Work task
Retype, word for word, the lines from the first line of the entries through the line that holds "Fashion New Designer"; leave out the pictures.

Excerpted data
BEGIN
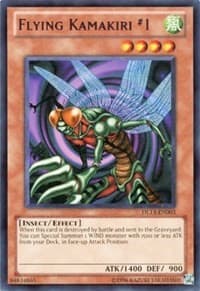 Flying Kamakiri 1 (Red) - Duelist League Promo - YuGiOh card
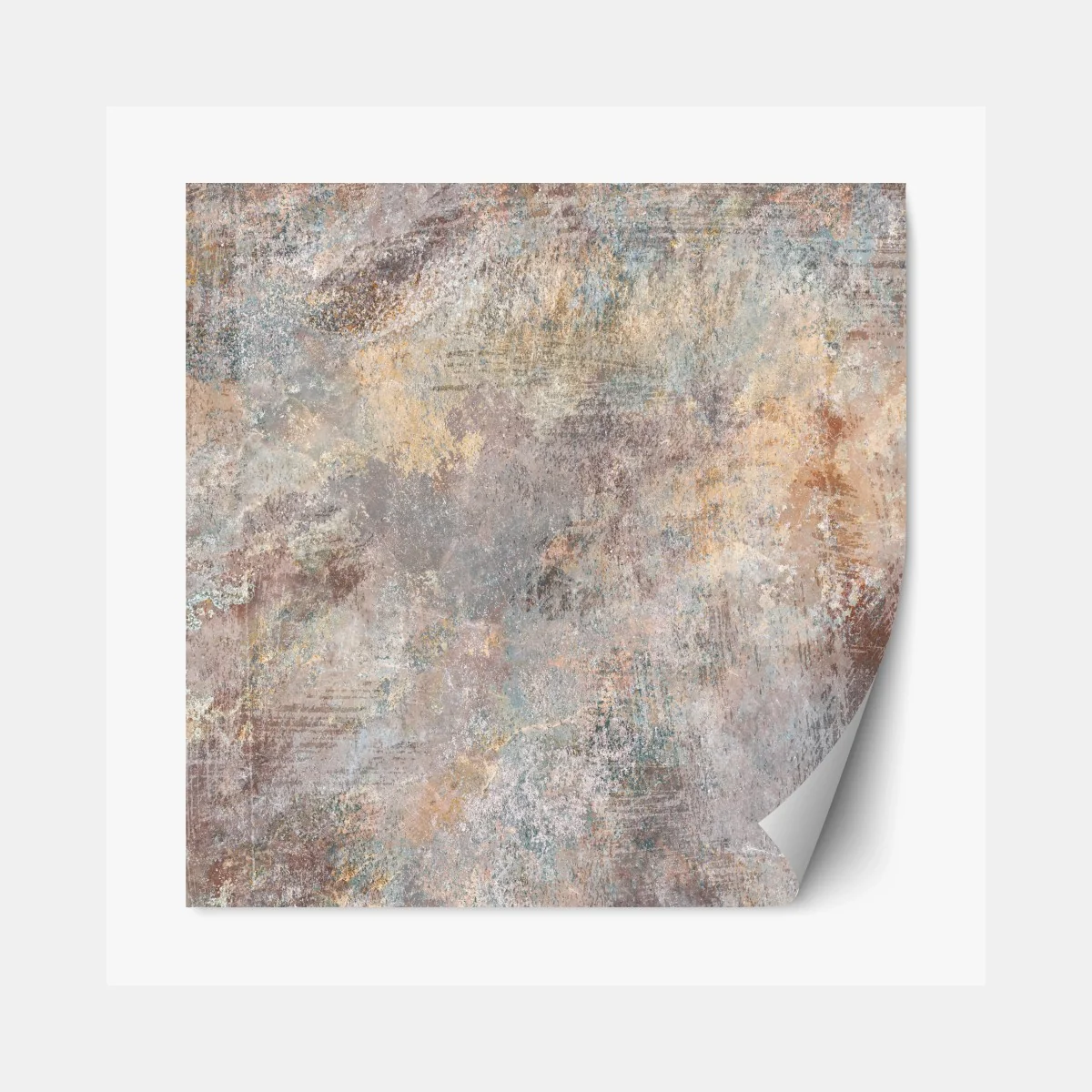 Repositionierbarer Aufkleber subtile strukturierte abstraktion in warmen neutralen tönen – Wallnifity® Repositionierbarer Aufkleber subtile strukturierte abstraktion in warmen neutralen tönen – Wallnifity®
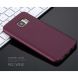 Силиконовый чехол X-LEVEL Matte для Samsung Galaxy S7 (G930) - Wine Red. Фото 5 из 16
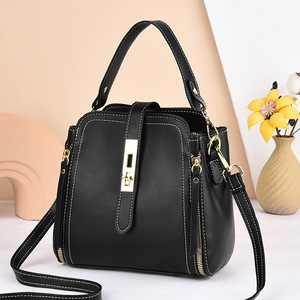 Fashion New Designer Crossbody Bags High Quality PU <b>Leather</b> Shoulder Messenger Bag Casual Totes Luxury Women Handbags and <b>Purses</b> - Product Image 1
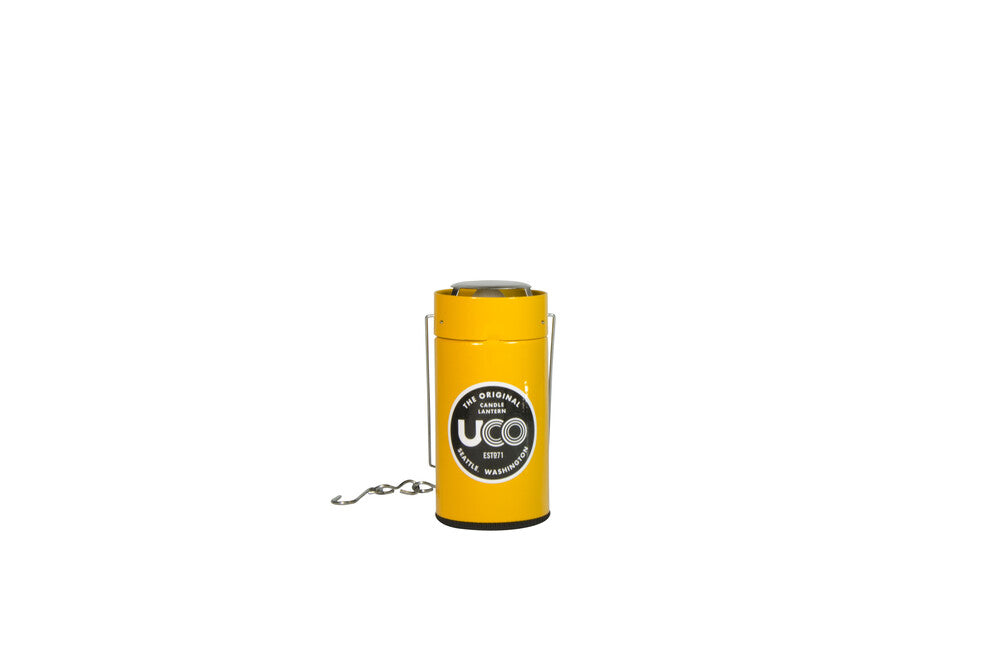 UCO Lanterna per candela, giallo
END
Reply to the exercise
 Flying Kamakiri 1 (Red) - Duelist League Promo - YuGiOh card
 Repositionierbarer Aufkleber subtile strukturierte abstraktion in warmen neutralen tönen – Wallnifity® Repositionierbarer Aufkleber subtile strukturierte abstraktion in warmen neutralen tönen – Wallnifity®
 Силиконовый чехол X-LEVEL Matte для Samsung Galaxy S7 (G930) - Wine Red. Фото 5 из 16
 Fashion New Designer Crossbody Bags High Quality PU <b>Leather</b> Shoulder Messenger Bag Casual Totes Luxury Women Handbags and <b>Purses</b> - Product Image 1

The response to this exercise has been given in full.